Acceptance criteria - The check exits non-zero (fails CI) when a real assertEq( call exists in source. - It does not fail on assertEq appearing only in a comment or string (bonus: explain the trade-off). - It's runnable in a CI step.

Solution **Cheap first pass — `grep` as a gate:** 
# fail-on-residual.sh
if grep -rn --include='*.go' -e 'assertEq(' .; then
  echo "ERROR: legacy assertEq( call remains — migrate to assert.Equal" >&2
  exit 1
fi
echo "OK: no residual assertEq calls"
This is a *text* match, so it will also flag `assertEq(` inside a comment or string — a false positive. For a true-by-construction gate that ignores lexical regions, use Semgrep (which parses the code): 
# no-legacy-asserteq.yaml
rules:
  - id: no-legacy-asserteq
    languages: [go]
    severity: ERROR
    message: "Use assert.Equal(t, want, got), not assertEq()."
    pattern: assertEq(...)

semgrep --config no-legacy-asserteq.yaml --error .   # non-zero on any match
**Explanation.** This is the **fitness function** that closes the migration loop. A codemod handles the bulk; this detector finds the long tail (variant spellings, dynamically-built calls the codemod couldn't see) *and* prevents regressions — once it's a required CI check, no new `assertEq(` can land, so the old convention can't creep back while you finish mopping up. The grep-vs-Semgrep trade-off mirrors the whole topic: `grep` is instant and zero-setup but matches text, so it false-positives on strings/comments; the Semgrep `pattern: assertEq(...)` parses Go and matches only *actual call expressions* (the `...` matches any arguments), so it ignores the same identifier in a comment or string. For a *blocking* gate you want the parser-based check to avoid annoying false failures; for a quick local "did I miss any?" the grep is fine. **Where this fits:** install it the moment the codemod lands, scoped to fail on *new* occurrences. It's the difference between a migration that's "mostly done" (and silently rots back to two conventions) and one that's *enforced* done.

Summary

  • gofmt -r rewrites single Go expressions with wildcard patterns on the AST — safe against strings/comments, but no logic or types (Exercise 1). Reusing a wildcard (a[b:len(a)]) is how you constrain a match.

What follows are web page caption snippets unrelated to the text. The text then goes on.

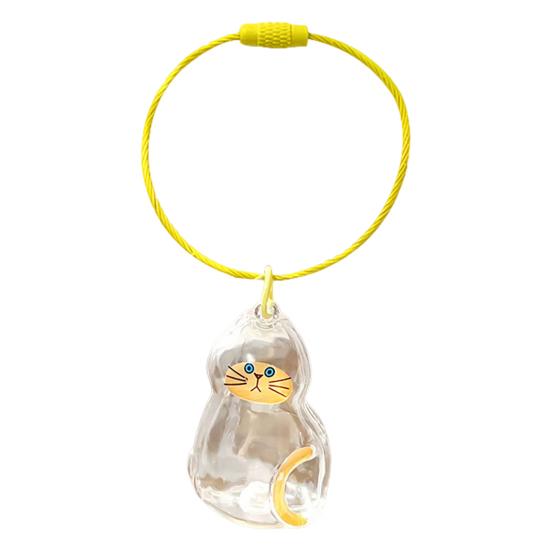 1/6Pcs Cat Style Memorial Keychain Pendant Transparent Cat Hair Storage Bottle Key Chain Pet Memorial Accessories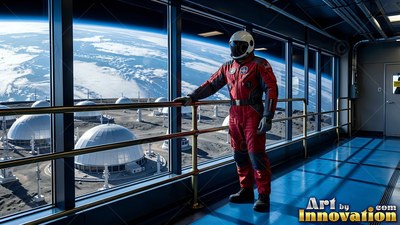 A red flight suit clothes an astronaut standing by windows over moon domes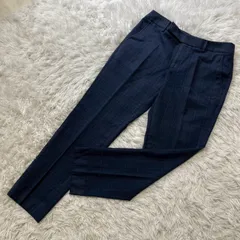 【訳あり価格】THE SUIT COMPANY （ザスーツカンパニー） チェックテーパードパンツ スラックスパンツ スーツパンツ オフィス カジュアル 紺 レディース Lサイズ 補修お直し リメイク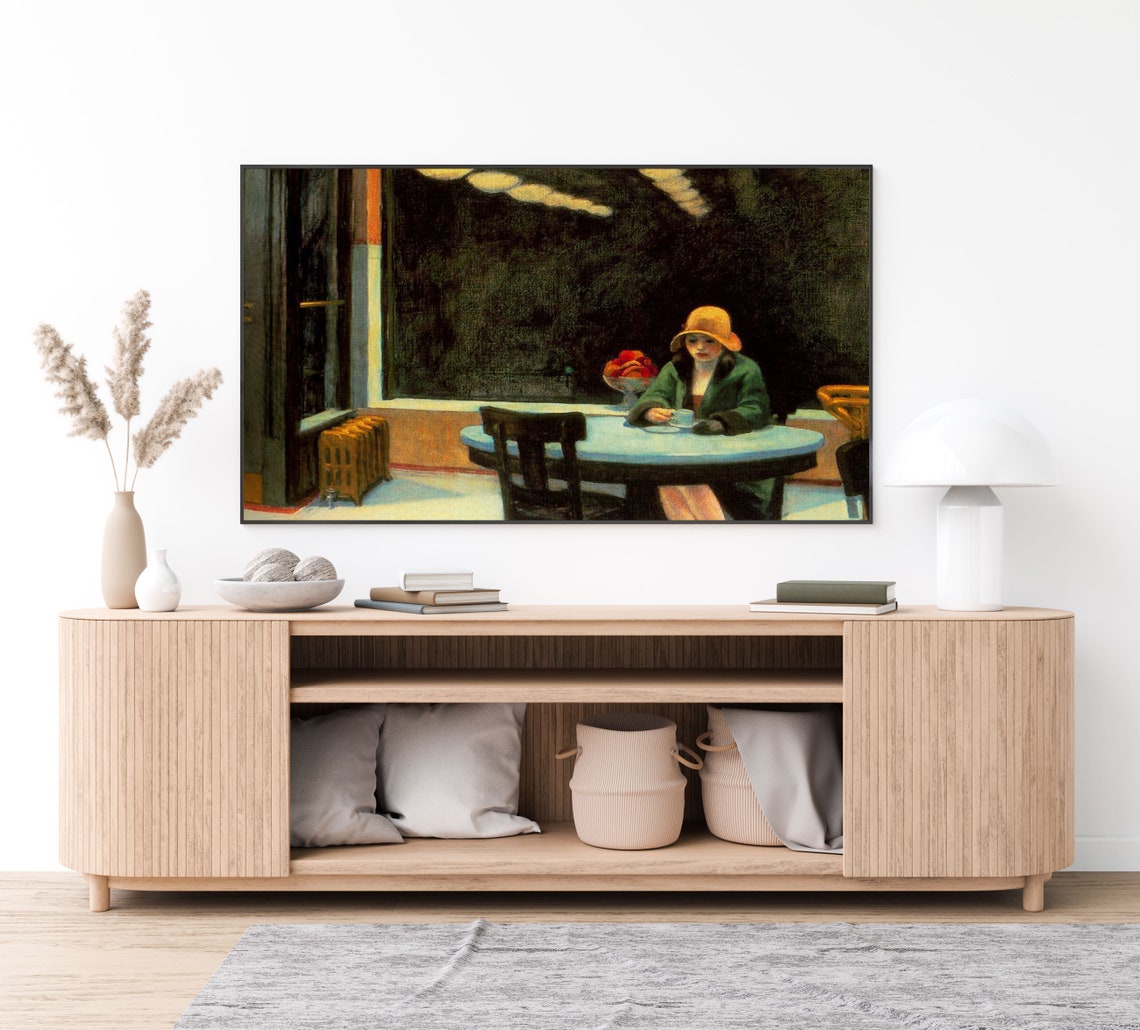Frame Tv Art Edward Hopper Portrait Of Woman Tv Art Neutral Vintage Oil Painting Woman In Automat Frame Tv Art Large Art - Image 4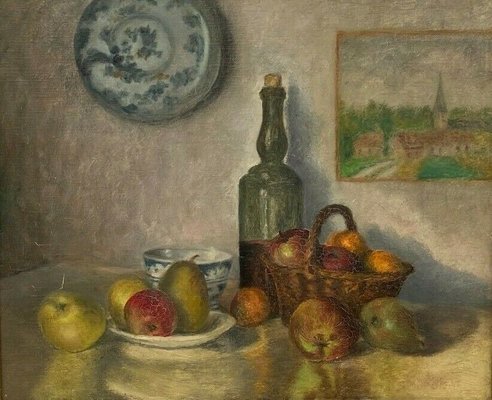 J Poisat, Still Life with Fruit, Oil on Canvas, Framed-QKG-1363700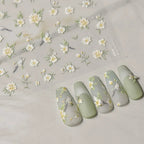 Nail Art Stickers Flower Bird Adhesive Embossed Sticker Decals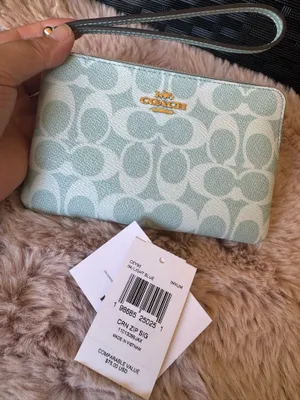 💙Coach Corner Zip Wristlet CEY93 Light Blue Signature Canvas-Smooth Leather NWT thumbnail 4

  • Comby does structural match/replace with balanced-span holes (:[x]), so it handles nested calls and respects lexical regions — far safer than regex, far cheaper than a full codemod (Exercise 2).

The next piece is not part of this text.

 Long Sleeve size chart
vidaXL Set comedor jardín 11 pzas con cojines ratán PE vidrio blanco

  • ts-morph wraps the TypeScript checker, so a rename targets one type's method by resolving the symbol — the case syntactic tools get wrong (Exercise 3).

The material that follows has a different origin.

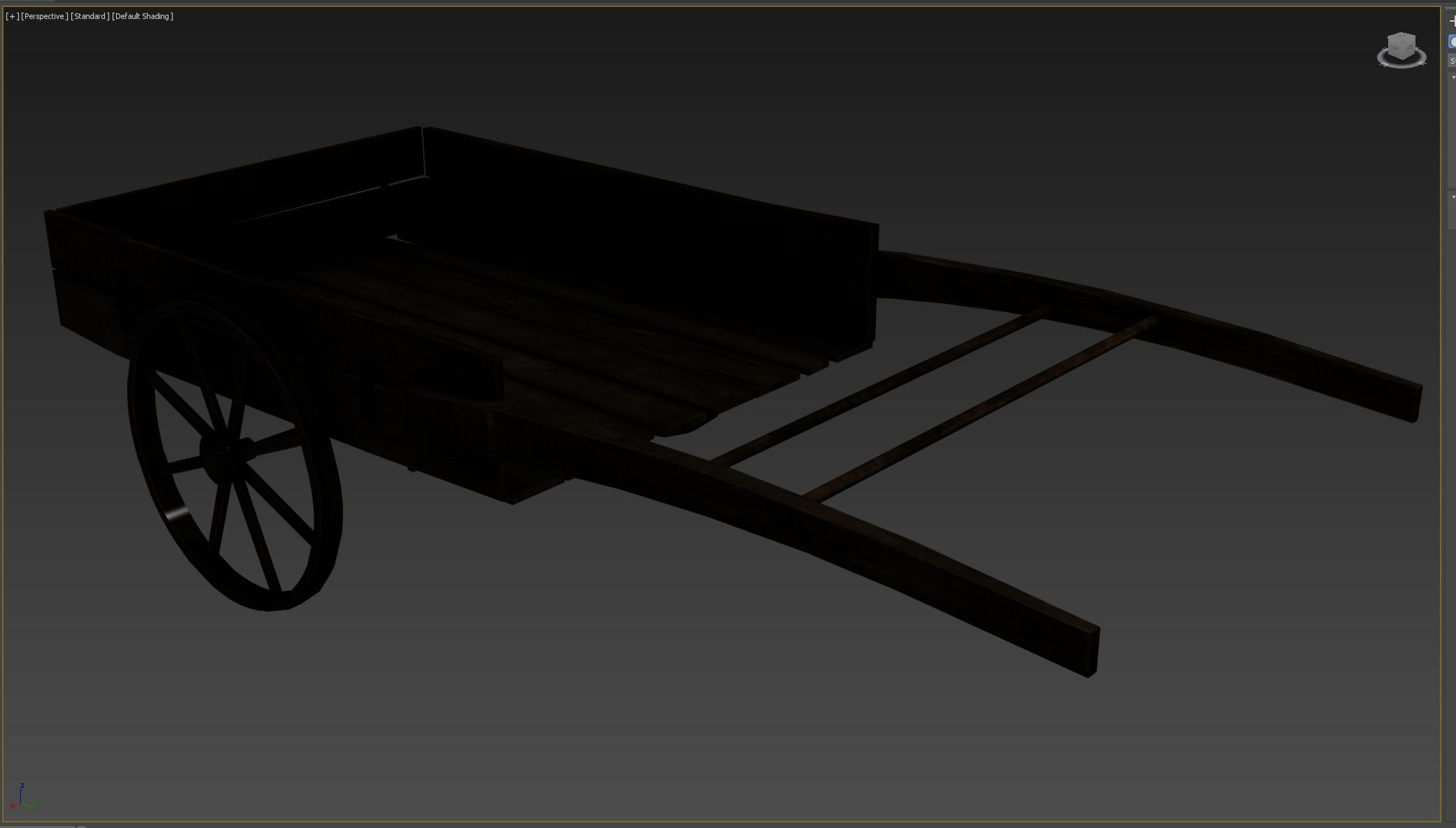 Medieval Cart  Low-poly 3D model_4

  • Idempotency is non-negotiable: match the "before" state only, skip already-migrated sites, and prove it with a double-run-empty-diff test (Exercise 4).
  • Semgrep autofix unifies detect-and-fix in one rule with $X metavariables — and its single-arg pattern reminds you that non-matching variants still need a residual scan (Exercise 5).
  • The migration isn't done when the codemod runs — a CI detector for the old pattern (parser-based to avoid string/comment false positives) finds the long tail and prevents regression (Exercise 6).